- _What you need to do_
Please reproduce the data below exactly, from the first line to the last.

- _Provided data_

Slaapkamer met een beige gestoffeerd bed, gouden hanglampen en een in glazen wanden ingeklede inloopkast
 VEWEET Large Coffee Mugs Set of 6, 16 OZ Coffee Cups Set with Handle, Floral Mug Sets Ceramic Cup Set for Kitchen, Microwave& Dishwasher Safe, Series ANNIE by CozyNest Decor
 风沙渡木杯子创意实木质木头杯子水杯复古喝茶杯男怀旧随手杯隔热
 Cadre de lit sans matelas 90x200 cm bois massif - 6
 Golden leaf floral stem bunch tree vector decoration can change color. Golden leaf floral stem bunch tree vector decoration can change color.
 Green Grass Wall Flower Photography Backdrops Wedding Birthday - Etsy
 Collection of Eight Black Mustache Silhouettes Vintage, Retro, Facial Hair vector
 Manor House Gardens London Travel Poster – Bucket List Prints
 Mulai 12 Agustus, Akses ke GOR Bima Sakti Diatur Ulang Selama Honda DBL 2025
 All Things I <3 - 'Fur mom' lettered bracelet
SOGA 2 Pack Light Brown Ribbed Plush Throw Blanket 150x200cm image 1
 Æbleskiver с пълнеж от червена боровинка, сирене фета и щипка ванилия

- _Output of the task_
Slaapkamer met een beige gestoffeerd bed, gouden hanglampen en een in glazen wanden ingeklede inloopkast
 VEWEET Large Coffee Mugs Set of 6, 16 OZ Coffee Cups Set with Handle, Floral Mug Sets Ceramic Cup Set for Kitchen, Microwave& Dishwasher Safe, Series ANNIE by CozyNest Decor
 风沙渡木杯子创意实木质木头杯子水杯复古喝茶杯男怀旧随手杯隔热
 Cadre de lit sans matelas 90x200 cm bois massif - 6
 Golden leaf floral stem bunch tree vector decoration can change color. Golden leaf floral stem bunch tree vector decoration can change color.
 Green Grass Wall Flower Photography Backdrops Wedding Birthday - Etsy
 Collection of Eight Black Mustache Silhouettes Vintage, Retro, Facial Hair vector
 Manor House Gardens London Travel Poster – Bucket List Prints
 Mulai 12 Agustus, Akses ke GOR Bima Sakti Diatur Ulang Selama Honda DBL 2025
 All Things I <3 - 'Fur mom' lettered bracelet
SOGA 2 Pack Light Brown Ribbed Plush Throw Blanket 150x200cm image 1
 Æbleskiver с пълнеж от червена боровинка, сирене фета и щипка ванилия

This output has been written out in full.